→ **WHAT YOU WILL DO**
Transcribe the data as written, minus images.

→ **RECORDED DATA**
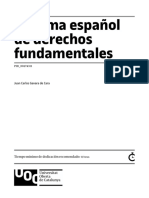 Sistema Español de Derechos Fundamentales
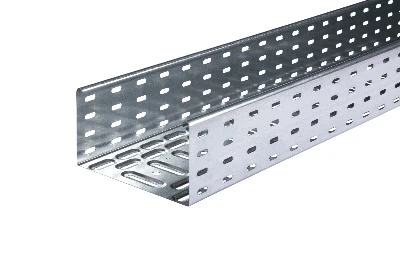 Лоток кабельный перфорированный LKS 120 FS RU, 110x200x3000 мм, 0,7 мм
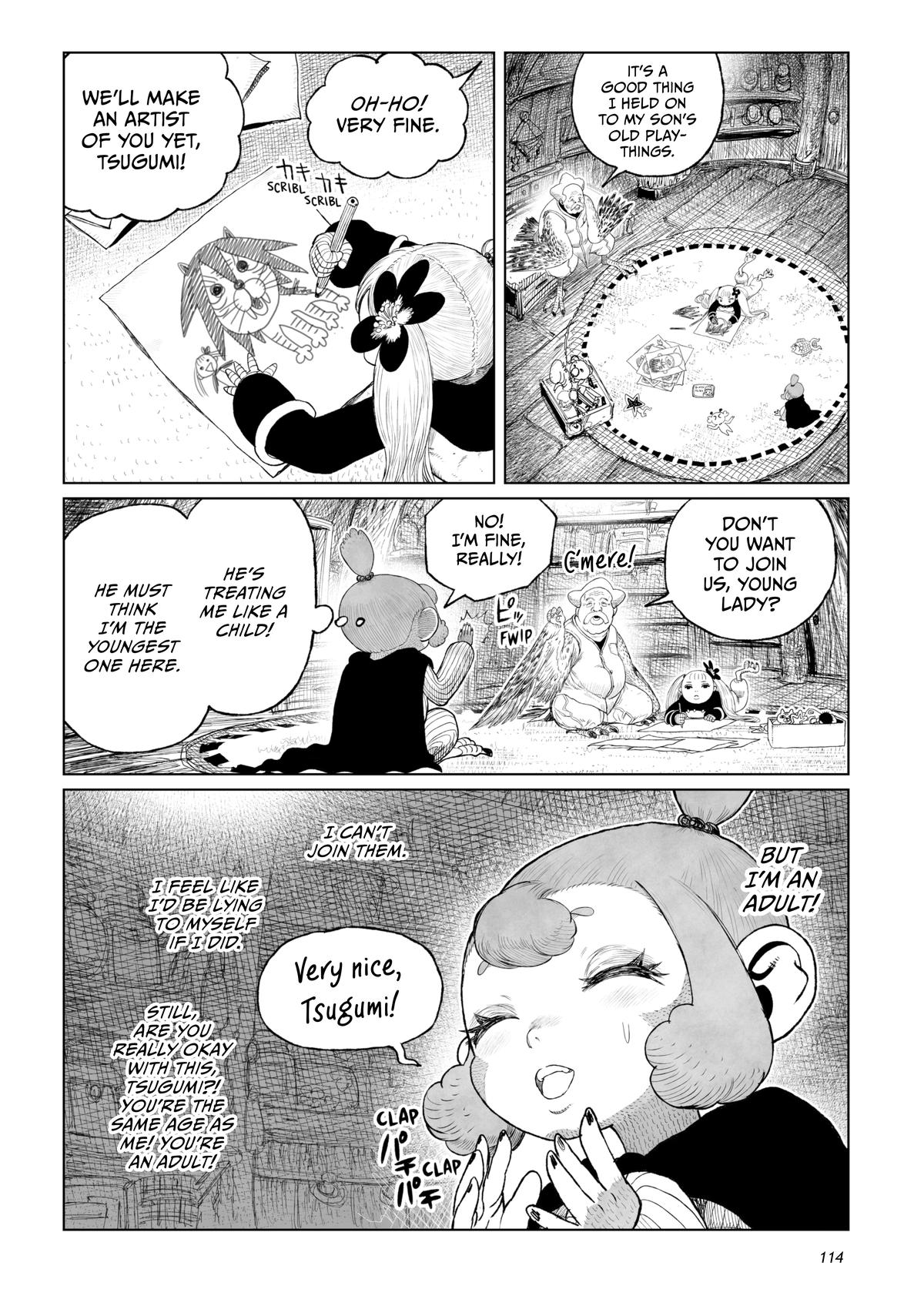 Tsugumi Project Chap 19 - Next Chap 20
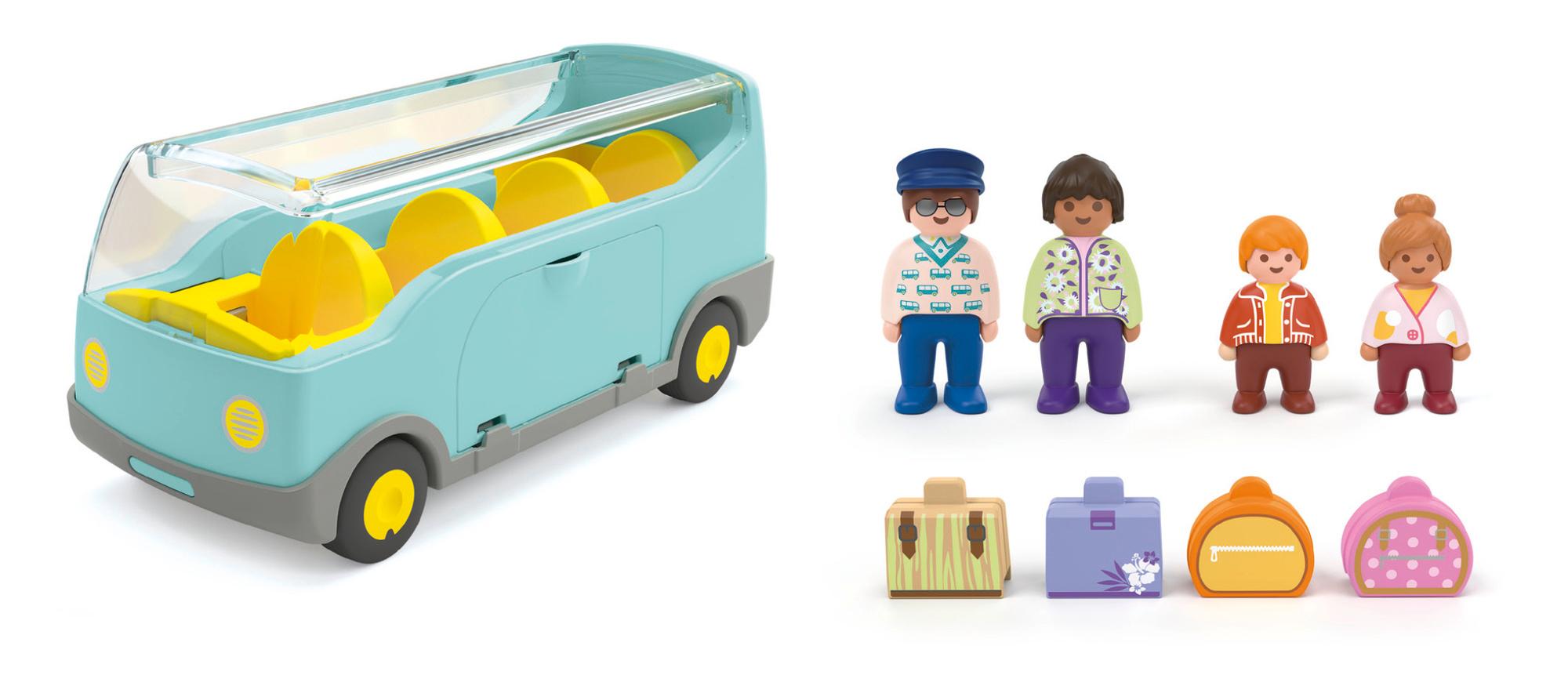 Produktbild PLAYMOBIL 71682 JUNIOR Reisebus 5 von 8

→ **TASK ANSWER**
 Sistema Español de Derechos Fundamentales
 Лоток кабельный перфорированный LKS 120 FS RU, 110x200x3000 мм, 0,7 мм
 Tsugumi Project Chap 19 - Next Chap 20
 Produktbild PLAYMOBIL 71682 JUNIOR Reisebus 5 von 8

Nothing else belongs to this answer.